[Web page caption snippets]
○ ○ ○ ○ ○

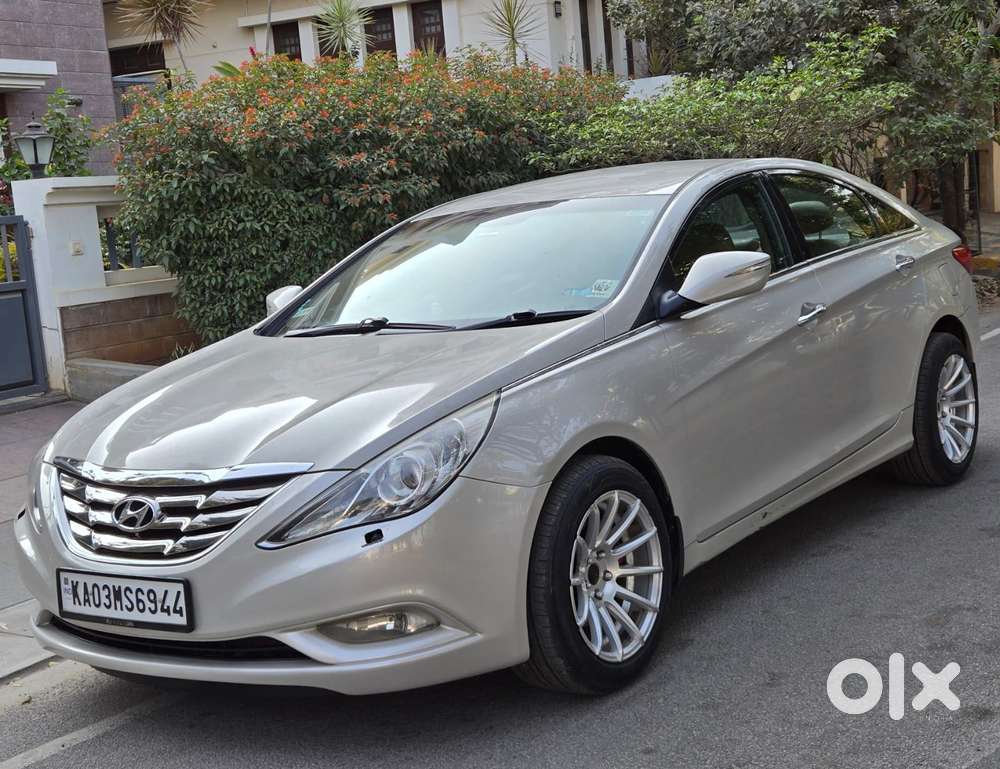 Hyundai Sonata 2.4 Gdi At, 2013, Petrol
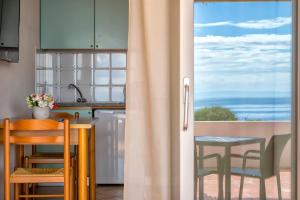 Studio with Sea View (2 Adults) room in Residence Le Vele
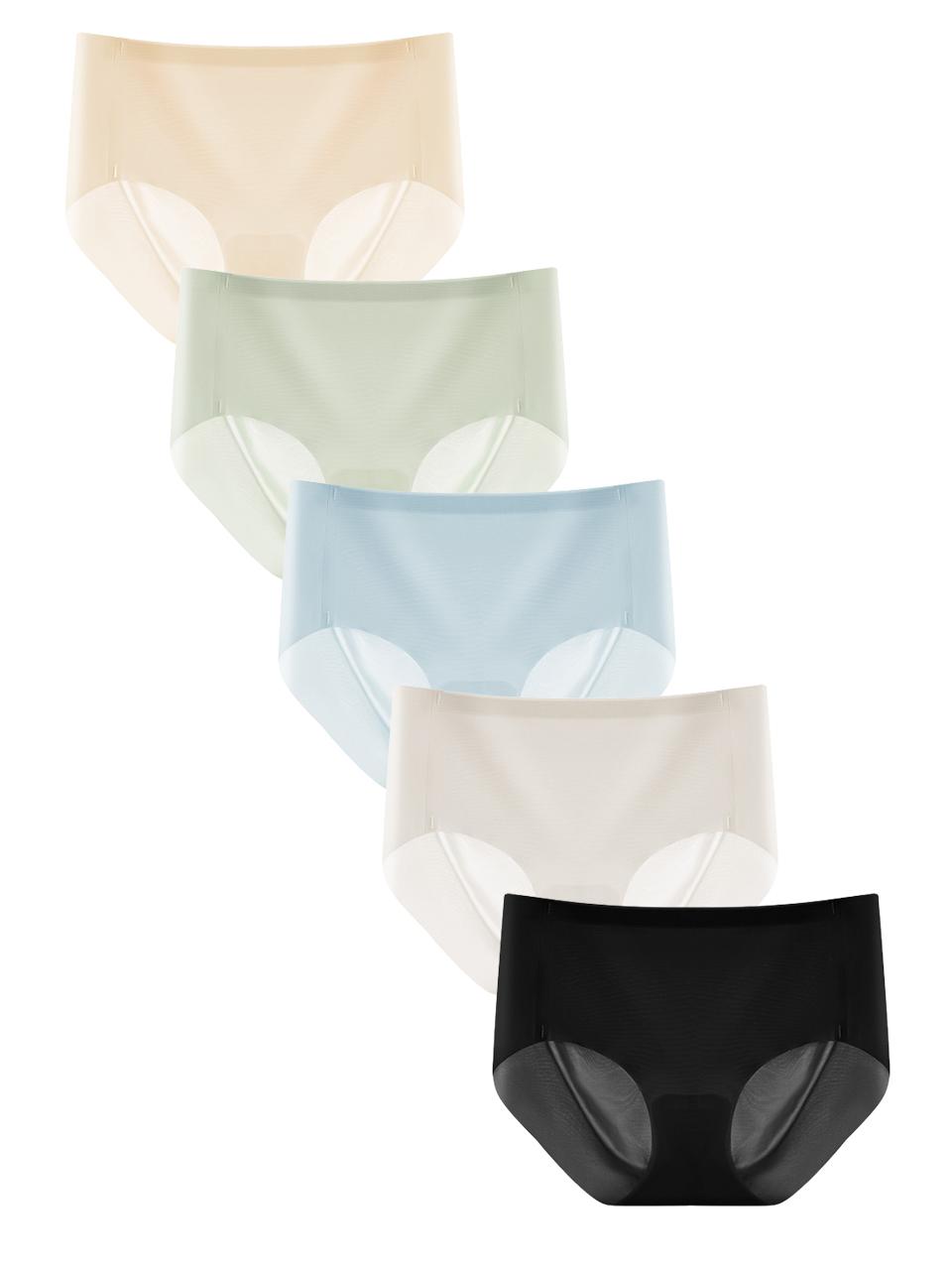 TSH Our Skin Light Panties 5 colors - 5P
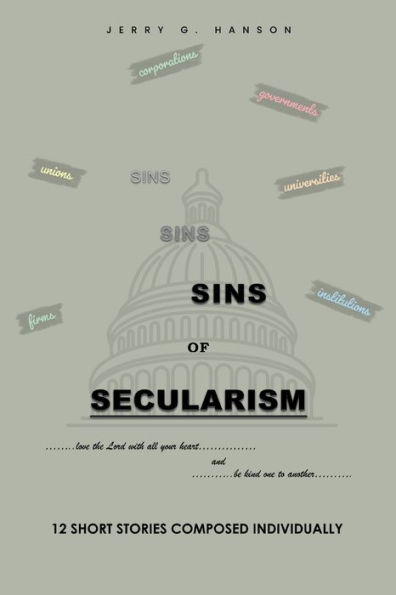 SINS OF SECULARISM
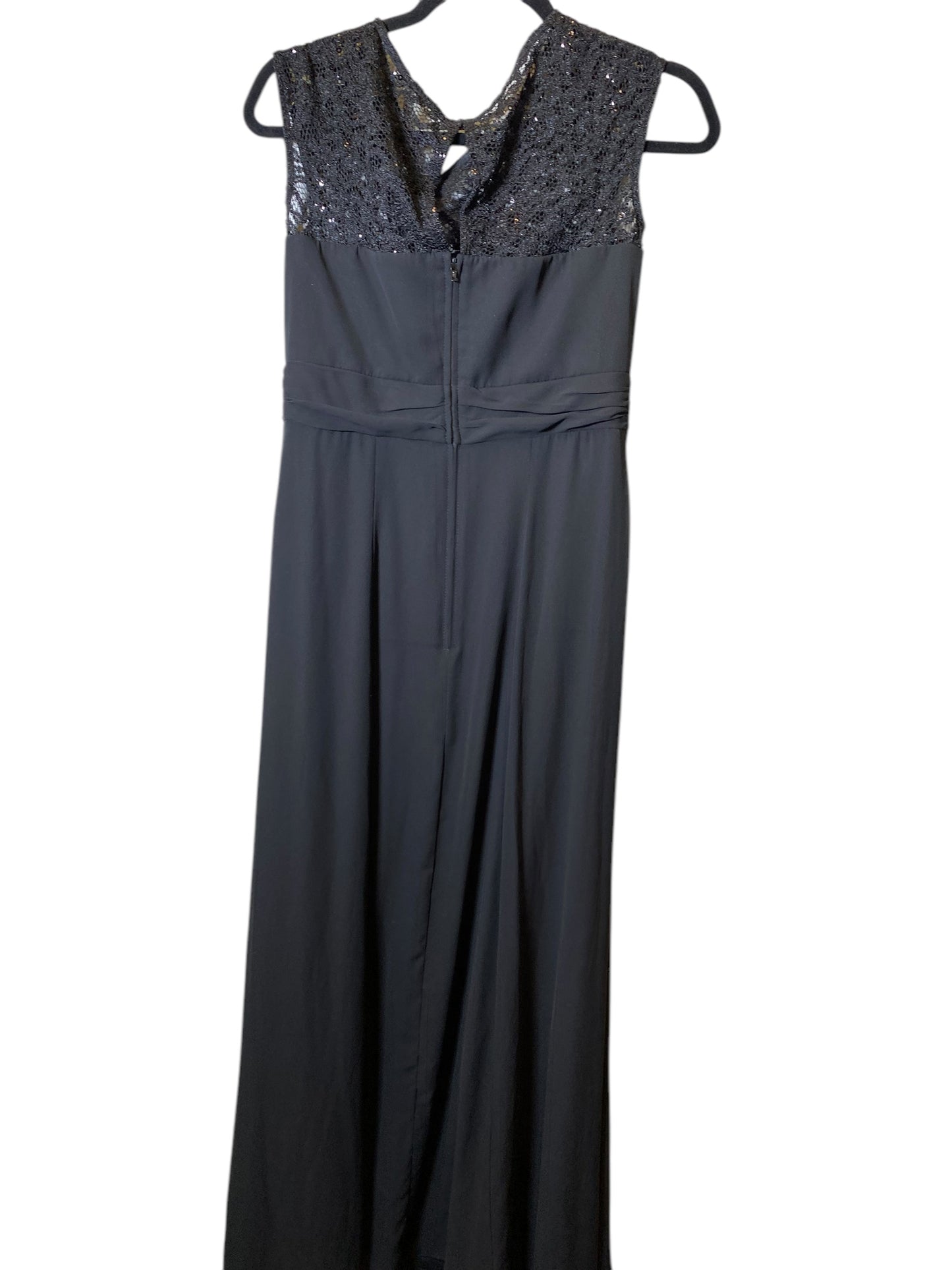 Dress Party Long By Cmc In Black, Size: 8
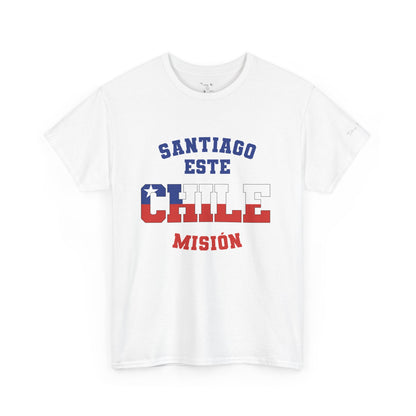 Chile Santiago East Spanish - The Classic P-Day T-Shirt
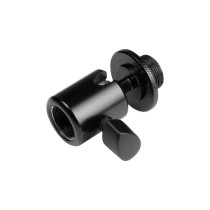 GFW-MIC-BALLHEAD-MT Adattatore per asta microfonica con testa snodata
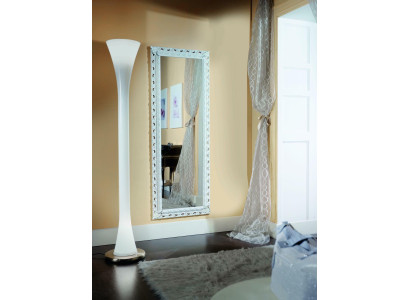 Schicken Klassischer Design Spiegel Wohnzimmer Anrichte Dielen Holz Rahmen Barock Rokoko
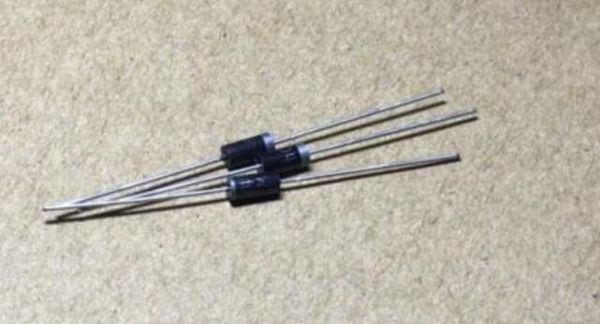20PCS SR3100 DO-41 Transistor 3.A 100V SR3100 NEW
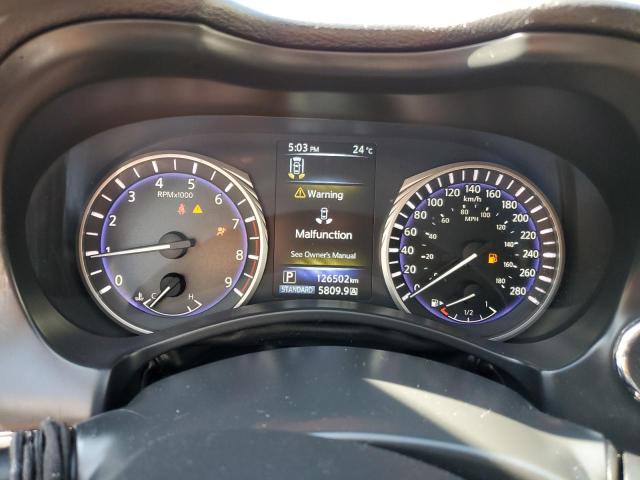 Photo 9 from auction – 2017 INFINITI Q50 PREMIU with VIN JN1EV7AR0HM835410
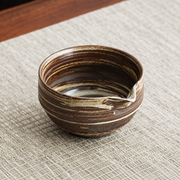 Bronze Rings — Pouring Bowl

○ ○ ○ ○ ○

PROBLEM DESCRIPTION: Omitting all pictures, restate word for word the lines from the one containing "SINS OF SECULARISM" through the last line of the data.

REPLY TO THE TASK:
 SINS OF SECULARISM
 Dress Party Long By Cmc In Black, Size: 8
 Chile Santiago East Spanish - The Classic P-Day T-Shirt
 GFW-MIC-BALLHEAD-MT Adattatore per asta microfonica con testa snodata
 Schicken Klassischer Design Spiegel Wohnzimmer Anrichte Dielen Holz Rahmen Barock Rokoko
20PCS SR3100 DO-41 Transistor 3.A 100V SR3100 NEW
 Photo 9 from auction – 2017 INFINITI Q50 PREMIU with VIN JN1EV7AR0HM835410
 Bronze Rings — Pouring Bowl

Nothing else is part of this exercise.